I’ve been working with brands in both the US and Russian markets for a while now, and one thing I keep noticing is that a message that kills in English falls completely flat when translated to Russian, and vice versa. It’s not even a translation thing—it’s a tone thing, an urgency thing, an incentive framing thing.

We recently tried to run a referral campaign with consistent messaging across both markets. Same offer, same timeline, same call-to-action. The US side saw maybe a 12% conversion on the referral message. The Russian side? 3%. That’s a massive gap, and it made me think: what if we actually tested different versions of the message in each language?

So I started experimenting. For the Russian audience, I tried positioning the referral as a way to “build a trusted network and get priority access to exclusive campaigns.” For the US side, I went with “refer a partner and earn commission on every project they bring in.” Both are fundamentally the same offer, but the framing is totally different.

The problem is, I don’t have a structured way to run this. I’m just kind of guessing at what might work, sending out different versions to different groups, and hoping I can remember what performed better. No tracking, no statistical significance, no way to know if I’m actually onto something or just getting lucky.

Has anyone actually set up a proper A/B testing framework for referral messages across languages? What metrics did you track? Did you notice that the message actually matters more than the incentive, or is it the other way around?

You’re asking exactly the right question, and the fact that you saw a 12% vs. 3% split tells me your testing instinct is correct. That’s too big a gap to ignore.

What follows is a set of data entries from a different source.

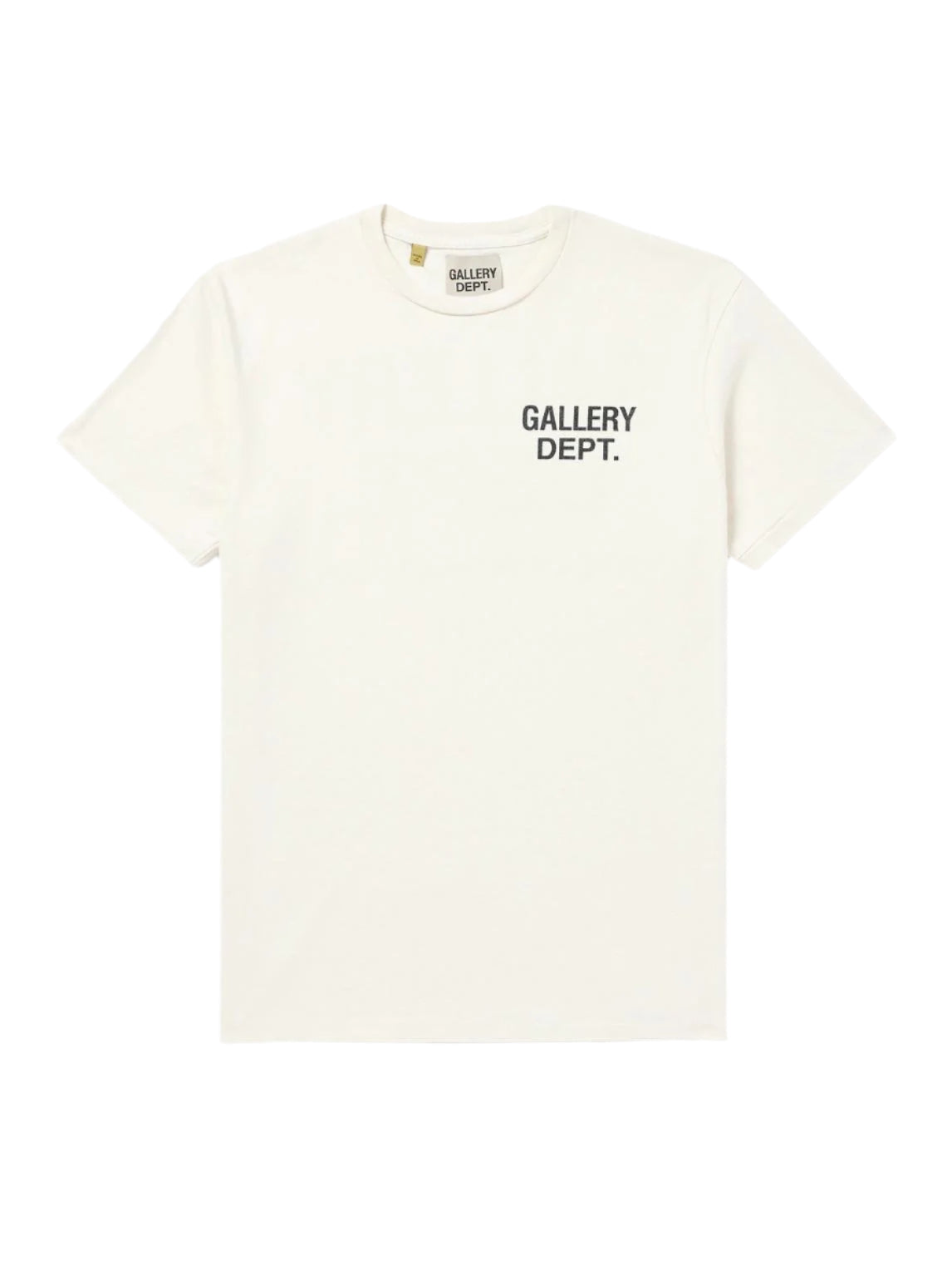 Gallery dept tee
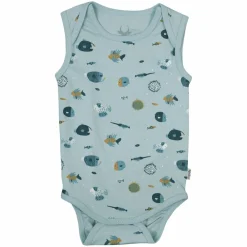 Børn Impala Juno Baby Body -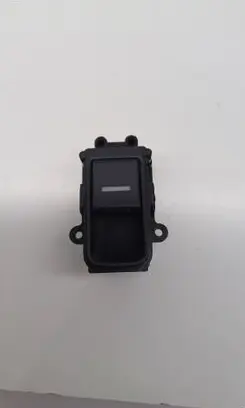 Honda Accord Electric window control switch 5U28a2103 A210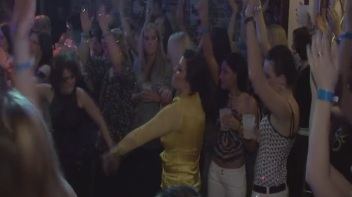 Party Hardcore Vol. 48 Part 3 - Main Edit Screencap 84 on www.sinx.com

Here’s how I’d structure this properly:

Test Setup:

  • Declare your hypothesis upfront. Example: “Framing referrals around network prestige will drive higher conversion in Russian markets than commission-based framing.”
  • Split your audience randomly and send different message versions to each segment. Keep everything else identical—timing, channel, incentive structure.
  • Track conversion at the single metric level: percentage of people who complete the referral action (not just click, but actually refer someone).
  • Run for long enough to get statistical significance. With email lists, that’s usually 2-4 weeks minimum.

Metrics to track:

  1. Click-through rate (did they open and engage?)
  2. Referral completion rate (did they actually refer someone?)
  3. Quality of referral (did the person they referred convert?)
  4. Time-to-conversion (how long between seeing the message and making a referral?)

The thing is, you probably care most about #3. A high completion rate means nothing if the people being referred don’t convert.

Quick win: Start with messaging alone, variables. Don’t change the incentive structure yet. Once you know what message drives behavior, then optimize the incentive.

Are you testing via email, or through the platform itself?

One more critical thing: make sure your sample size is large enough per variant. If you’ve got 50 people per message variant, you’re going to see noise, not signal. I’d aim for minimum 200-300 people per variant, ideally more depending on your baseline conversion rate.